Вижу перед собой недоумённое и одновременно смущённое лицо пожилого вахтёра, отлучившегося с поста.

– Я это, товарищ Чаганов, – замямлил он. – по малой нужде, на минутку отлучился. А калитку-то, замкнул, не извольте беспокоиться.

«Надо увеличить число дежурных, территория, считай, раза в три выросла. И о сигнализации надо подумать».

– Ладно ступай, Семёныч, на пост. В следующий раз, если что, звони мне.

«Сам тоже, хорош. Оставил дверь в сверхсекретную лабораторию незапертой, с отключённой сигнализацией. А ну как стянут чего»?

– Блин! – Бегу со всех ног на склад, чтобы проверить свою догадку.

«Так и есть».

Из пяти шкафов с реле, доставшихся мне после раздела имущества с ОКБ КУКС ПВО, два – пустые.

«Пропало восемьсот реле! Вы меня знали с хорошей стороны… теперь никакой пощады. В лагерную пыль сотру»!

Тяжело опускаюсь на стул, щупаю свой холодный лоб.

«Оно понятно, что пустили их на производство „Бебо“, а не украли. Конечно так проще, взял на складе и голова не болит где достать… узнаете теперь меня с плохой стороны».


Москва, Лаврушинский переулок, д. 17.

«Дом писателей».

18 апреля 1937 года, 11:45


– Свободен, – выпрыгиваю из машины и на лету бросаю Косте. – сообщи на пост, что отсюда сам доберусь. Буду в ОКБ через час.

Действительно, отсюда до работы совсем близко, не больше километра.

«Гадство, через пятнадцать минут придёт Оля, а я ещё ни о чём не договорился».

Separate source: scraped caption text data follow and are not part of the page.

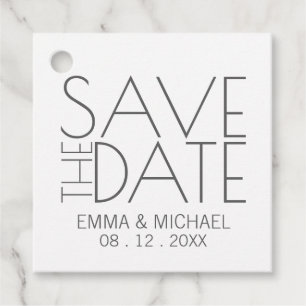 Modern Stylish Wedding Save the Date Favour Tags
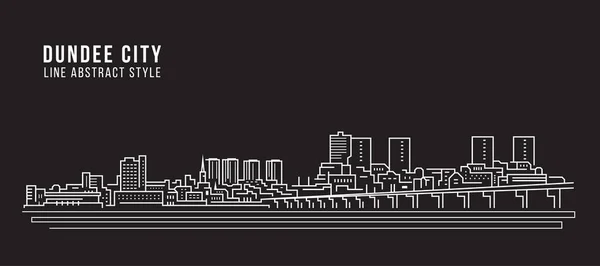 Cityscape Building Line Art Vector Illustration Design Dundee City — Vettoriale Stock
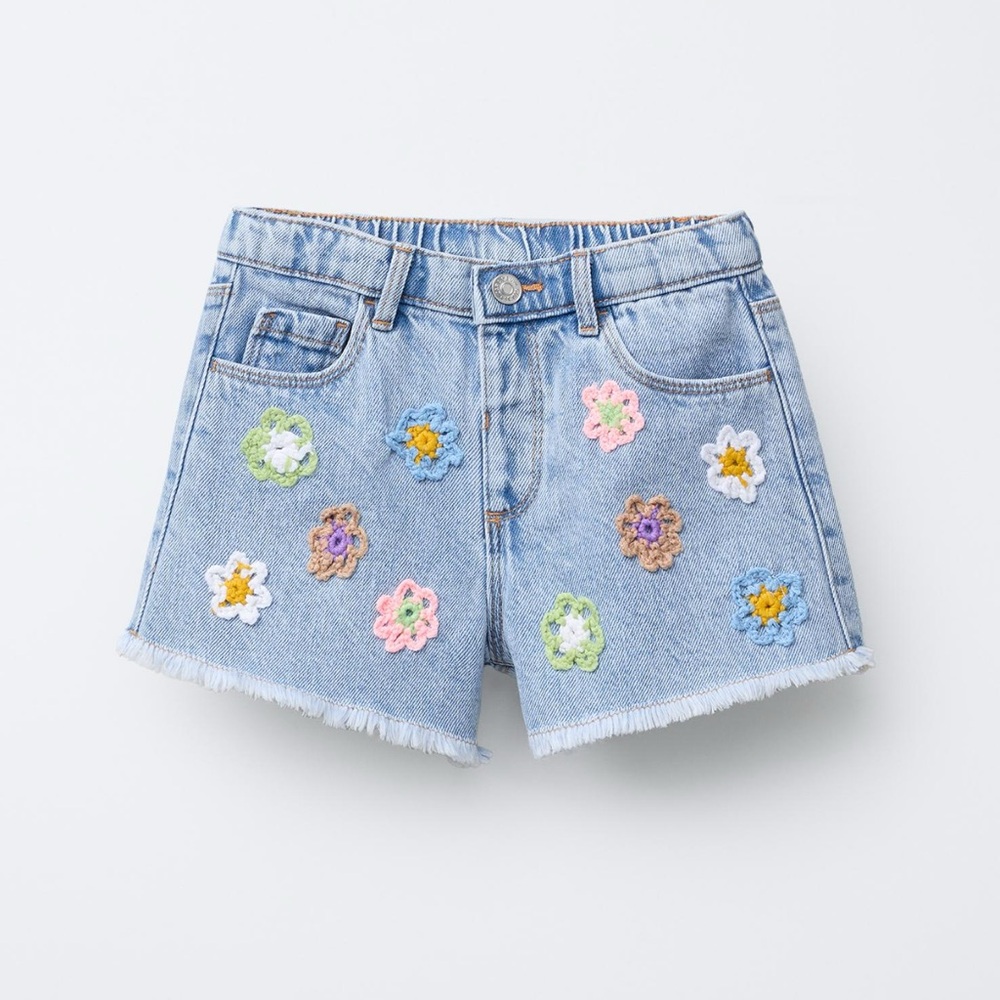 Floral Embroidered Denim Shorts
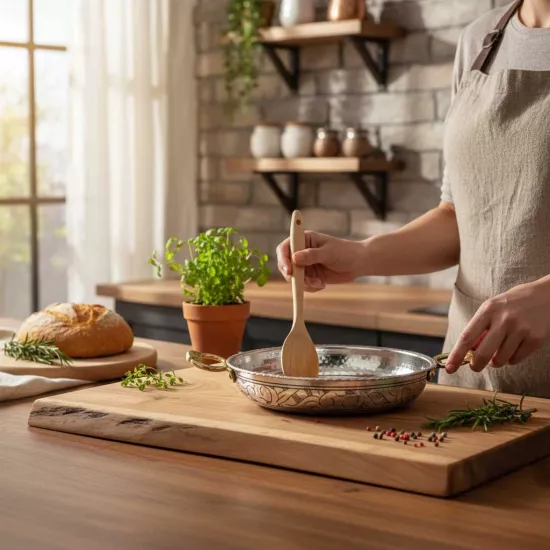 Bakır İşlemeli Eskitme Tava 21 cm (EFMR-2707-4)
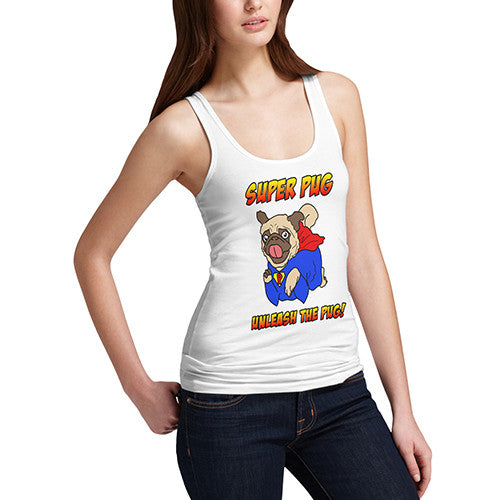 Womens Funny Super Pug Tank Top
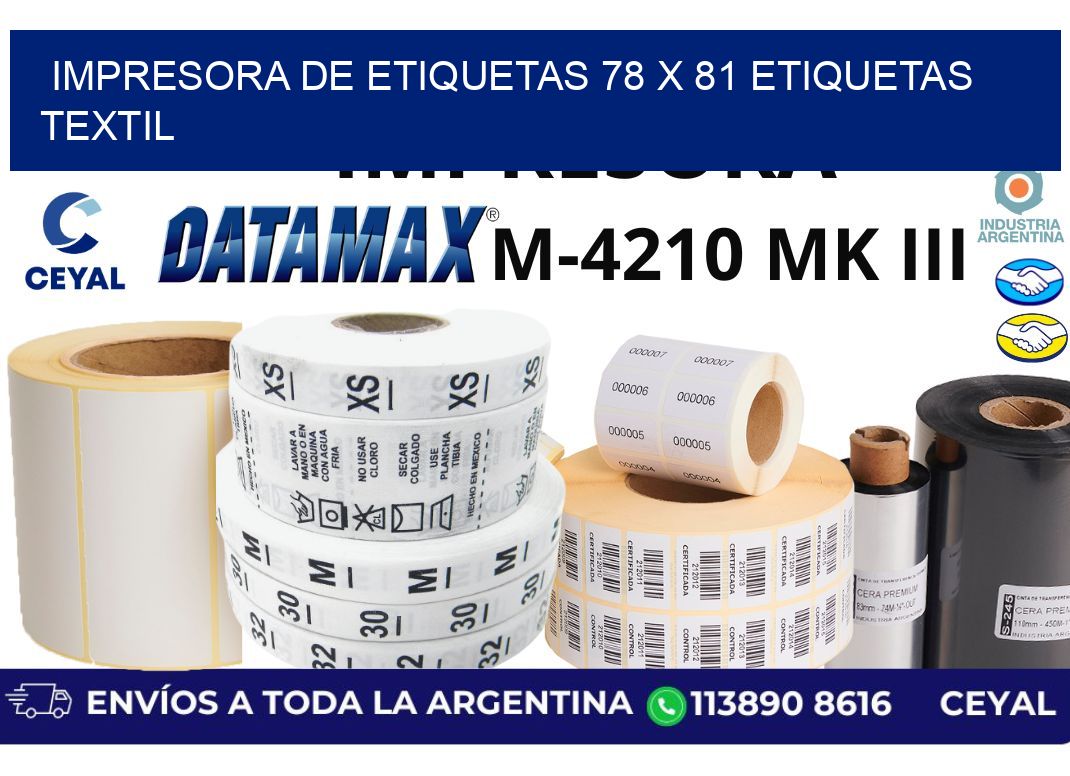 impresora de etiquetas 78 x 81 etiquetas textil
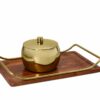 Shown in light walnut mango wood and shiny brass stainless steel. Shown in light walnut mango wood and shiny brass stainless steel.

Мой план трещит по швам: сначала Фриновский задержал на собрании начальников отделов ГУГБ (обсуждались меры по майскому «усилению» и график дежурств по управлению), затем продинамил Кольцов, обещавший подхватить меня, чтобы вместе поехать к Ильфу, но в последнюю минуту, видимо, струхнувший идти на квартиру к больному туберкулёзом. Пришлось дожидаться свою, на что тоже ушло время. Я должен был предложить жене Ильфа испытать на муже новое сильное лекарство от туберкулёза – тубазид, которое ещё мало известно, так как создано молодой учёной и ещё недостаточно испытано. По идее жена должна ухватиться обеими руками за такую возможность, видя как на её глазах гибнет супруг.